Sąd Najwyższy publikuje po krytyce dane dotyczące kart płatniczych. Co z nich wynika?

Sąd Najwyższy publikuje po krytyce dane dotyczące kart płatniczych. Co z nich wynika?

Dodano: 
Sąd Najwyższy
Sąd Najwyższy Źródło:PAP / Paweł Supernak
Sąd Najwyższy po fali nieprzychylnych komentarzy postanowił ujawnić dane dotyczące kart płatniczych. Wcześniej, po decyzji Naczelnego Sądu Administracyjnego, pierwszy prezes SN prof. Małgorzata Gersdorf stwierdziła, że nie może tego zrobić ze względu na...rotę przysięgi sędziego.

O dane wnioskowała Fundacja ePaństwo. Sąd Najwyższy odmówił jednak ujawnienia tych informacji, przez co sprawa trafiła do sądu. Naczelny Sąd Administracyjny - wbrew stanowisku SN - uznał jednak, że jest to informacja publiczna. Początkowo Sąd Najwyższy dalej odmawiał upublicznienia danych dotyczących kart płatniczych. Teraz jednak zmienił zdanie, zaś na stronie internetowej pojawił się specjalny komunikat.

Rzecznik prasowy SN poinformował, że "dotychczasowa postawa SN w tej sprawie związana była wyłącznie z potrzebą interpretacji przepisów związanych z wyznaczeniem granic dostępu do informacji publicznej". Zgodnie z komunikatem, w Sądzie Najwyższym jest łącznie 14 kart płatniczych i pozostają one w dyspozycji: Pierwszego Prezesa i Prezesów Sądu Najwyższego (5 kart), pracowników Biura Gospodarczego zajmujących się bieżącym zaopatrzeniem (2 karty), a pozostałych 7 kart wydawanych jest sędziom SN i asystentom sędziów wyłącznie na czas zagranicznych podróży służbowych.

„Pierwszy Prezes Sądu Najwyższego prof. Małgorzata Gersdorf dysponuje jedną z kart, ale od początku kadencji nigdy jej nie użyła.
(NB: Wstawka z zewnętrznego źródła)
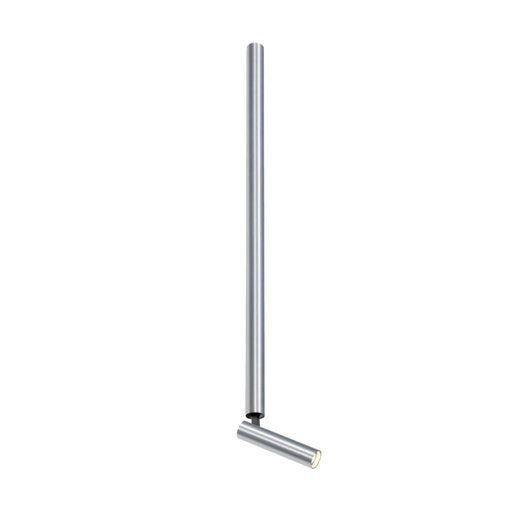 Wever & Ducré Match Stick Trimless 1.0 vgradna stropna svetilka | formasvetila.si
W 2016 r. z kart pozostających do dyspozycji Prezesów i sędziów SN nie poczyniono żadnych wydatków (karty przeznaczone są do użycia w sytuacjach awaryjnych), w roku 2015 r. wydatki z tych kart wyniosły łącznie 853 zł. W 2016 r. z dwóch kart pozostających w dyspozycji Biura Gospodarczego dokonano zakupów na łączną kwotę ok. 77 000 zł., są to zakupy związane z bieżącymi potrzebami, które są szczegółowo ewidencjonowane” – czytamy.